The Times has been told contingency plans, called Operation Escalin, would go into action if the situation significantly deteriorated.
The supply issues came as Hoyer, one of the UK’s largest fuel logistics companies, revealed it was “struggling to meet deliveries”.
It cannot find enough tanker drivers to make fuel deliveries, typically 20 short of the 400 to 450 needed a day.
The Road Haulage Association says the UK lacks 100,000 HGV drivers in total.
Hanna Hofer, BP’s head of UK retail, told a government meeting last week the situation was “bad, very bad”.
The company said up to 100 of its forecourts were short of at least one grade of fuel. It has started rationing petrol deliveries.
Several have been forced to close entirely due to problems with supplies.

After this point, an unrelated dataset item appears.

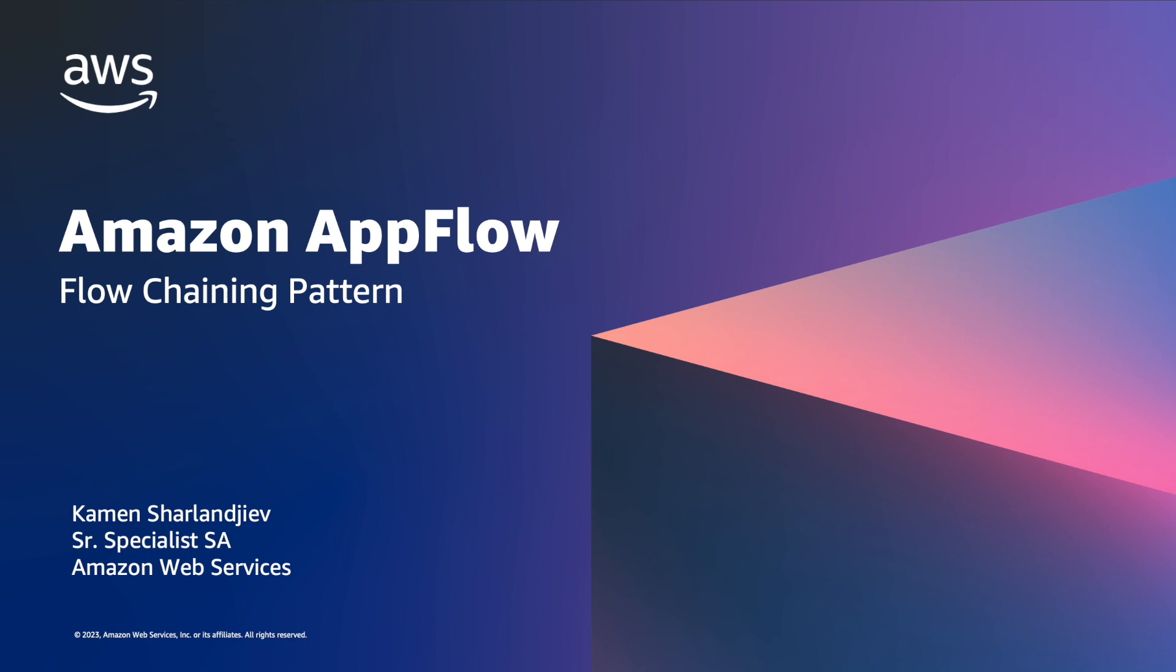Hi there! Welcome to this demonstration on Amazon AppFlow and flow chaining patterns. My name is Kamen Sharlandiev and I'm a Senior Specialist Solutions Architect with AWS. Today I'm going to show you how to build this pattern.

Petrol stations on motorways and major roads are being prioritised for fuel deliveries.
However, the AA today said that most of the UK’s forecourts are working as they should.
The advice would be to carry on as normal, and that is what BP is saying as well.
Transport Secretary Grant Shapps
President Edmund King said: “There is no shortage of fuel and thousands of forecourts are operating normally with just a few suffering temporary supply chain problems.
“Fridays and the weekend always tend to be busier on forecourts as drivers either combine filling up with shopping runs, prepare for weekend trips or refuel for the start of the new working week.
“Drivers should not fill up outside their normal routines because, even if the occasional petrol station is temporarily closed, others just down the road will be open.
“It is now clear that there have been occasional delays over recent weeks that have been managed with hardly anyone noticing. This was a manageable problem.”
The crisis comes on top of families facing soaring energy bills and empty shelves at supermarkets.